Der Herr sieht das Herz an

Im ersten Teil beschreibt Wragg, wie eine gesunde „Dynamik der Leiterschaft“ entsteht. Ein guter Leiter zeichnet sich durch den Fokus auf das Wort Gottes und Charakterstärke aus. Diese beiden Merkmale, auf die Wragg in den ersten beiden Kapiteln eingeht, bilden das Fundament von Leiterschaft. Sie sind die Basis für die „besonderen Qualitäten“ (S. 146), auf die Wragg in den weiteren Kapiteln des Buches eingeht.

„Das Anliegen Wraggs, das Wort Gottes nicht durch die Kultur zu verwässern, ist zu begrüßen.

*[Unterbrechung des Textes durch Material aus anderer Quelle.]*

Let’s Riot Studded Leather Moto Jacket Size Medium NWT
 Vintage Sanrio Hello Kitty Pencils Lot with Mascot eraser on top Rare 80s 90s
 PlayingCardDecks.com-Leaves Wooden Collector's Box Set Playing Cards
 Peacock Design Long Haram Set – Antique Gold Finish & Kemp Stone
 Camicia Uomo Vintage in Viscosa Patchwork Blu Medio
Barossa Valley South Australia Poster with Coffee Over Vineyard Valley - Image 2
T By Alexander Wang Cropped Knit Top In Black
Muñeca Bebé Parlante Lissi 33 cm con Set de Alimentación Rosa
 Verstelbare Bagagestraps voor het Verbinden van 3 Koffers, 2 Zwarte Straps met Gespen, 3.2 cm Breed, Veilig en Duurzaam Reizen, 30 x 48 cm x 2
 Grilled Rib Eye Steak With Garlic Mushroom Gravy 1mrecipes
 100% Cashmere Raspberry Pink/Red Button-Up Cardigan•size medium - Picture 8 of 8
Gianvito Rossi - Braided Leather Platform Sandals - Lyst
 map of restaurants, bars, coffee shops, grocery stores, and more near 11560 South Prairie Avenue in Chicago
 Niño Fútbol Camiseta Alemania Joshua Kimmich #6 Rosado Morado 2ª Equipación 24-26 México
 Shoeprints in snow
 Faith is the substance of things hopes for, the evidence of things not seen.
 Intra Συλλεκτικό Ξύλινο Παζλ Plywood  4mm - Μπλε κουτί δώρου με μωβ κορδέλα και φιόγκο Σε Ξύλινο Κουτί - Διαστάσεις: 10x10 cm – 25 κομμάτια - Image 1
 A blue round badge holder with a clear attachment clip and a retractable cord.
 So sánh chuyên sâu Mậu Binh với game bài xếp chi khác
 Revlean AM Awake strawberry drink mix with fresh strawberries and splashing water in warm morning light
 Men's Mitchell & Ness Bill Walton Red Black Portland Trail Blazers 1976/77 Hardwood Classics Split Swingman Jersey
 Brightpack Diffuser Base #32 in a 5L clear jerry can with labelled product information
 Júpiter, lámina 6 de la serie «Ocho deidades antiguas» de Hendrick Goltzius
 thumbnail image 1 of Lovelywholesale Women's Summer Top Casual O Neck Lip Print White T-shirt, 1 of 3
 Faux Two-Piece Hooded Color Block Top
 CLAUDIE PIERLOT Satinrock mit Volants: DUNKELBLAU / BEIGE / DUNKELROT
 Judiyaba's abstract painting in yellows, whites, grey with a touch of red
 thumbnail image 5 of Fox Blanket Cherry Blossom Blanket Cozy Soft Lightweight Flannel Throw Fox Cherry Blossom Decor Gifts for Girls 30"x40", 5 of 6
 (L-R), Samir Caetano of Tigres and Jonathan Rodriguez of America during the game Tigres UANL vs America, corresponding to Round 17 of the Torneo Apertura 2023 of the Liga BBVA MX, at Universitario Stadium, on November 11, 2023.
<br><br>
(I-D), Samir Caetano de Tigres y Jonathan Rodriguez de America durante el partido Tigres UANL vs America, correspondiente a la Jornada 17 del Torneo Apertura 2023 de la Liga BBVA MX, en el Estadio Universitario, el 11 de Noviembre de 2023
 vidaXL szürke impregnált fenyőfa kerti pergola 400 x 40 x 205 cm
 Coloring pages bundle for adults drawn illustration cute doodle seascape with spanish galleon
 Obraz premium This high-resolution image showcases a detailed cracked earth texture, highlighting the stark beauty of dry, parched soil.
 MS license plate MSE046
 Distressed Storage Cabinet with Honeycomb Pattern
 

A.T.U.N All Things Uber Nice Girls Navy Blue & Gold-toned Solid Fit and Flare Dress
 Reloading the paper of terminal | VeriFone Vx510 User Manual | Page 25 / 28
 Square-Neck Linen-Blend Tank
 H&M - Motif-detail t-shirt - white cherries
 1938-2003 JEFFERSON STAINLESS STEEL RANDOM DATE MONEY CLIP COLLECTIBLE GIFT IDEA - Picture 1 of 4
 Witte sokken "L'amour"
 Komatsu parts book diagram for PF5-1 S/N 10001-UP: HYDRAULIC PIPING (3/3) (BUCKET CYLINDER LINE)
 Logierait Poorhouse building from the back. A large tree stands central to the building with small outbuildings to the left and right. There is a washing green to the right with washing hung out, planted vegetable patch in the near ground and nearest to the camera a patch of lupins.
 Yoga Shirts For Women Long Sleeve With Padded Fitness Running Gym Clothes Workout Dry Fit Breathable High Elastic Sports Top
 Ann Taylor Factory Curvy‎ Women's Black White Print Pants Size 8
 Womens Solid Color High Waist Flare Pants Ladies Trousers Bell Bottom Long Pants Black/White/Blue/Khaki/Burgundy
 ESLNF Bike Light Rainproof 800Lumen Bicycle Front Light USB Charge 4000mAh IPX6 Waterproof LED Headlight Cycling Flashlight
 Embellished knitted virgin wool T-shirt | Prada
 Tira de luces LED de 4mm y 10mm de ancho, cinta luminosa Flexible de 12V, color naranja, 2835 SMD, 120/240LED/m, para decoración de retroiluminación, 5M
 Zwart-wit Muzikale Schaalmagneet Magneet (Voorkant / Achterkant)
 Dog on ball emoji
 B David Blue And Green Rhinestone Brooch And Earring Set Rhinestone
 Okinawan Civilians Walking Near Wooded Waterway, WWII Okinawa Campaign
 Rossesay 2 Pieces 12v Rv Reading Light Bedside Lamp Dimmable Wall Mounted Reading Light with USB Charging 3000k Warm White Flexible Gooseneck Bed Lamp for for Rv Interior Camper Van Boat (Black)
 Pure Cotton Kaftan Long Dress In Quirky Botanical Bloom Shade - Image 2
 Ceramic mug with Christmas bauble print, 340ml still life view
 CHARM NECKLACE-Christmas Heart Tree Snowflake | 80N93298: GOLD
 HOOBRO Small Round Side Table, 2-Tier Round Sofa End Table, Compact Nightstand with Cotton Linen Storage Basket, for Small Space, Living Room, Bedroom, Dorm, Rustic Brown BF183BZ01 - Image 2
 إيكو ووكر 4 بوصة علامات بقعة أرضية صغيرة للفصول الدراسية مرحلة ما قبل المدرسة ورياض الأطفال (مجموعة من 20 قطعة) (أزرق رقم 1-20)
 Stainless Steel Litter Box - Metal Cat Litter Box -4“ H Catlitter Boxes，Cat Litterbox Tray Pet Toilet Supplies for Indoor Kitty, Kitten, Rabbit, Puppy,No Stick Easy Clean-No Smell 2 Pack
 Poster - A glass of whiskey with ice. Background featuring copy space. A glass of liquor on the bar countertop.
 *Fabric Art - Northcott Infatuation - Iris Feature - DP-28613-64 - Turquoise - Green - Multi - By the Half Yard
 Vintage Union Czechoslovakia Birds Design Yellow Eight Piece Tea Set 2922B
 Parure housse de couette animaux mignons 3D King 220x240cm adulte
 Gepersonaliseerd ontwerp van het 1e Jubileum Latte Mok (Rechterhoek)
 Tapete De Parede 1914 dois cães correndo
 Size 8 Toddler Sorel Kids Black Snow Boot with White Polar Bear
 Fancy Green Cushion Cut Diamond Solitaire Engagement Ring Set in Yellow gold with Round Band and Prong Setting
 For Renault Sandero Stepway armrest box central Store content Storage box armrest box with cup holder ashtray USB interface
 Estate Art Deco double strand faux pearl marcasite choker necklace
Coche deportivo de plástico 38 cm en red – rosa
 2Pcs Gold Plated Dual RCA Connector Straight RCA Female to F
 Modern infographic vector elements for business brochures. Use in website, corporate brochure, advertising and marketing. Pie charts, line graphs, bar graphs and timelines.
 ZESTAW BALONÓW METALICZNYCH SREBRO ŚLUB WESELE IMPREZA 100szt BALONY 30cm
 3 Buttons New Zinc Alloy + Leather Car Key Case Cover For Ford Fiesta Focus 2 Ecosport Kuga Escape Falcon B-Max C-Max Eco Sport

Mit der scharfen Gegenüberstellung von Kultur und Wort Gottes macht er es sich aber zu einfach.“

 

Für Wragg ist der „heutige Mangel an guter Leiterschaft in der Gemeinde [...] das unmittelbare Ergebnis schwacher Überzeugungen und verwässter Lehre“ (S. 261). Er beobachtet eine „andauernde Unterernährung“ (S. 32) der Gemeinde, weil viele „Leiterschaftsmodelle von heute [...] das einfache Vertrauen in das Wirken des Heiligen Geistes“ (S. 29) verloren haben. Deshalb betont er, dass die Gemeinde Leiter braucht, „die im Blick auf das Wachstum von Gottes Volk ihre Zuversicht allein auf das Wort Gottes setzen“ (S. 33). Für Wragg steht diese Haltung im Gegensatz dazu, das Evangelium angepasst an die Kultur zu verkündigen: „Solche einflussreichen Männer zittern vor Gottes Wort, anstatt auf die Kultur einzugehen“ (S. 20). Wragg beruft sich auf die Geschichte Israels, bei der das Volk einen König forderte, der „unbedingt dem kulturellen Ideal entsprechen“ (S. 42f.) sollte. Er sieht eine Parallele zur heutigen Situation, wenn bei der Auswahl eines Leiters der Charakter eine untergeordnete Rolle spielt. Er betont mit Blick auf die alttestamentliche Geschichte, dass der Herr aber das Herz ansieht (1Sam 16,7b). Mit seiner scharfen Gegenüberstellung von Leitern, die auf die Kultur eingehen und solchen, die dem Wort Gottes treu sind, vereinfacht Wragg eine komplexe Fragestellung. Paulus z.B. lässt in seine Verkündigung in Athen Elemente der Kultur einfließen. Ist er damit dem Wort Gottes untreu geworden? Das Anliegen Wraggs, das Wort Gottes nicht durch die Kultur zu verwässern, ist zu begrüßen. Mit der scharfen Gegenüberstellung von Kultur und Wort Gottes macht er es sich aber zu einfach. Eine differenziertere Sicht hätte das Buch bereichert.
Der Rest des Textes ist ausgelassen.